There are always a few items we’ve read during the week that deserve more attention but don’t make it into our regular posts. So we bundle them for the Friday roundup.
Here’s this week’s bundle:
New York Times: Lack of Workers, Not Work, Weighs on the Nation’s Economy
Nearly a third of the 388 metropolitan areas tracked by the Bureau of Labor Statistics have an unemployment rate below 4 percent, well below the level that economists consider “full employment,” the normal churn of people quitting to find new jobs. The rate in some cities, like Ames, Iowa, and Boulder, Colo., is even lower, at 2 percent…
But labor shortages are weighing on overall economic growth, slowing the pace of expansion in northern Utah and other fast-growing regions even as unemployment remains stubbornly high in Rust Belt cities like Cleveland and in regions still recovering from the 2008 recession, like inland California.
Puget Sound Business Journal: Steve Ballmer warns voters of Seattle income tax fallout
“I’m not saying it’s a mistake, it’s something that voters need to think about in aggregate, not just one man’s opinion,” [Ballmer] said. “But the analysis is right.

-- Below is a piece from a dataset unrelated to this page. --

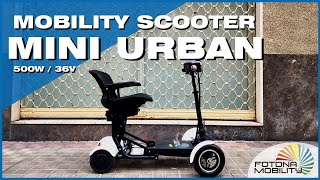 🛴 Powerful Electric Scooter MINI URBAN 500W 36V ⚡️ REVIEW | Fotona Mobility |2021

There will be fewer jobs here with an income tax than there would without an income tax.”
Oregon Office of Economic Analysis: States at Full Employment, A Prime-Age EPOP Story
Focusing just on the prime working-age population is a really good way to strip out the impact of the aging demographics…Right now, across the nation the employment rate (or employment-population ratio, or EPOP for short) for this group is 2 percentage points lower than prior to the Great Recession…
As the labor market gets tight firms must cast a wider net when hiring. They must dig a bit deeper into the resume stack and hire those with an incomplete skill set or a gap in their resume due to long-term unemployment and the like. That’s happening nationally and here in Oregon. I expect it to happen in Idaho too. Montana and Washington are seeing some of these same trends, albeit their prime-age EPOP isn’t back nearly as much.
Seattle Times: No agreement yet: Washington Legislature goes into second special session
In a Tuesday afternoon news conference, Inslee also showed signs of compromise with Senate Republicans in the effort to resolve the expensive and politically complicated task of funding Washington’s school system…
In his remarks, the governor effectively took a proposed tax on capital gains — favored by himself and House Democrats — off the table.